Brian Ray
February 02, 2010

Excerpt:

Degree of State Regulation

Students’ scores were examined according to the degree of state regulation (definitions below) in their states at one point in time, the Spring of 2008, close to when most of the data were collected. Table 19 shows that there is no significant relationship between degree of state regulation of homeschooling and test scores (F=3.113; df=2,10410; p=.045, n.s.).

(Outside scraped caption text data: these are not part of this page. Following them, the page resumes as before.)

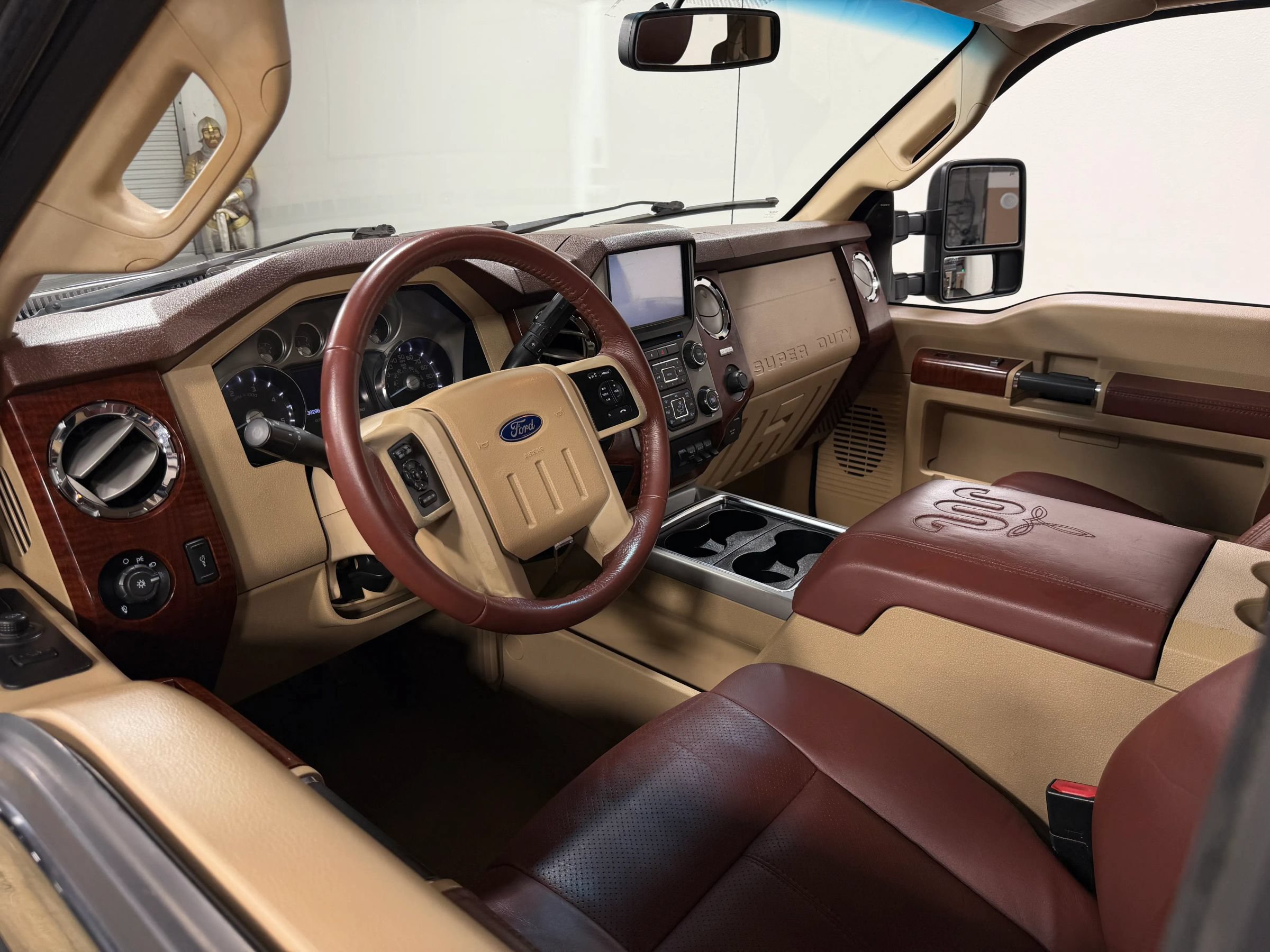 Used 2013 Ford F250 King Ranch w/ FX4 Off Road Pkg AWD/4WD image 14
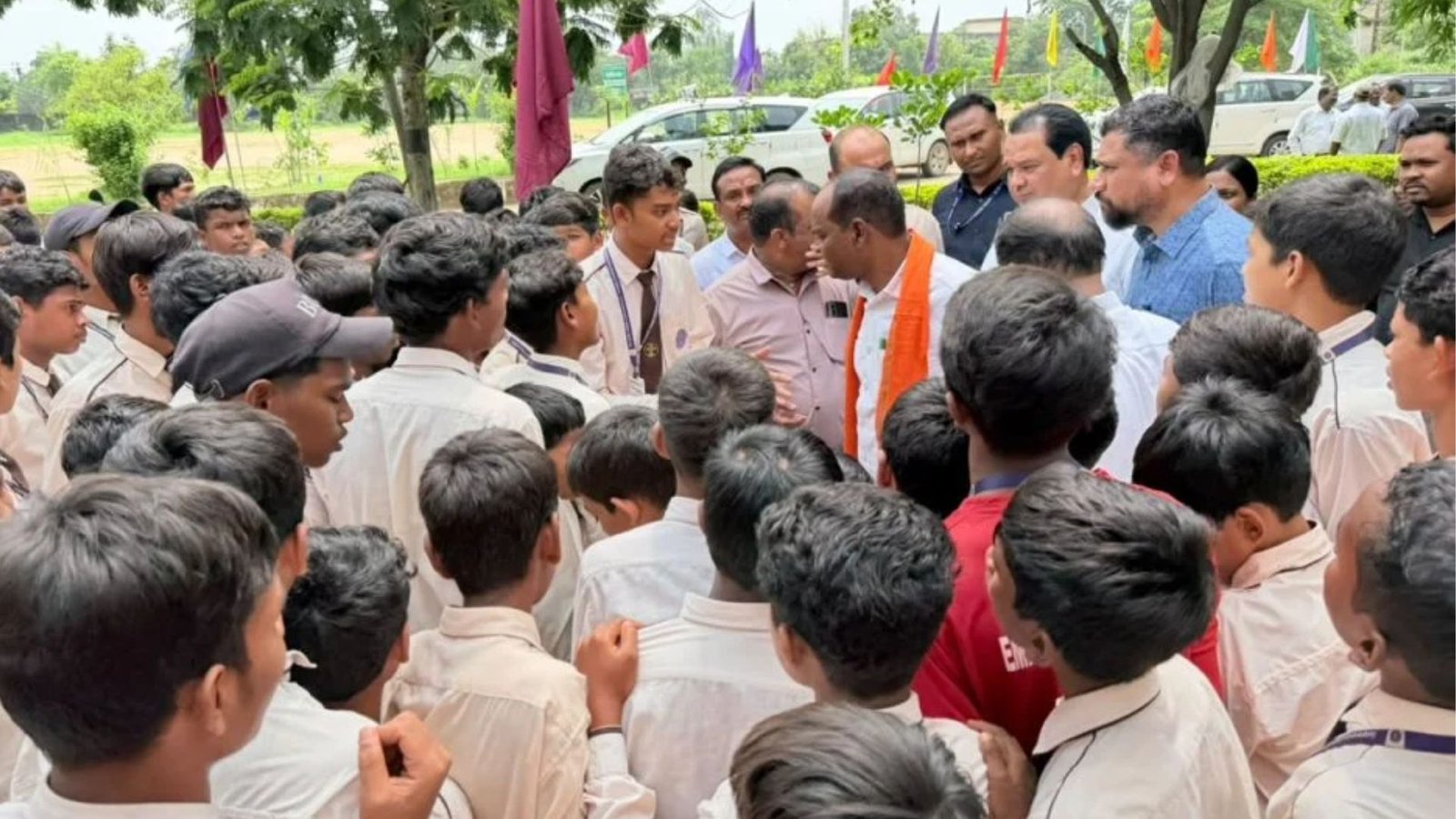 Korba News : एकलव्य विद्यालय में बवाल: खाने में कीड़े, पानी और इलाज की शिकायत, छात्रों ने प्रबंधन के खिलाफ खोला मोर्चा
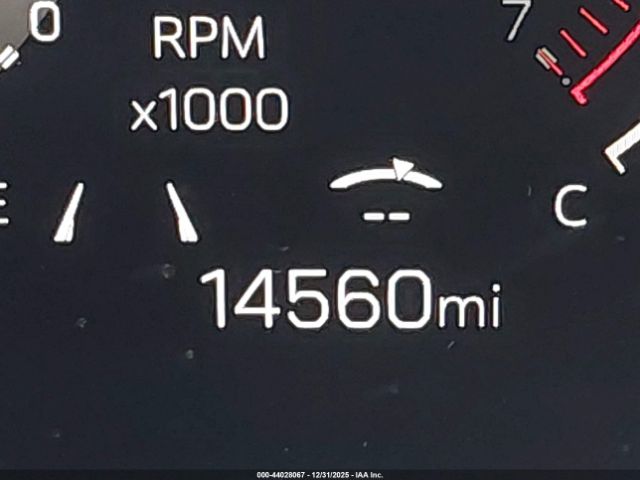 GMC Yukon 4wd Denali Image 14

The fifty states and some of the territories were classified according to their degree of regulation of or control over homeschooling. Definitions that were essentially the same as those used by Ray (1997) were used for the present study. Experts on homeschool law at the Home School Legal Defense Association provided the ratings of the states, with review and oversight by the researcher. The states were classified according to the following definitions:

1. Low regulation — no state requirement on the part of the homeschool parents to initiate any contact with the state.
2. Medium regulation — the state requiring homeschool parents to send to the state notification of homeschooling or achievement test scores and/or evaluation of the student’s learning by a professional.
3. High regulation — the state requiring homeschool parents to send to the state notification of homeschooling or achievement test scores and/or evaluation by a professional and, in addition, having other requirements (e.g., curriculum approval by the state, teacher qualifications of parents, or home visits by state officials).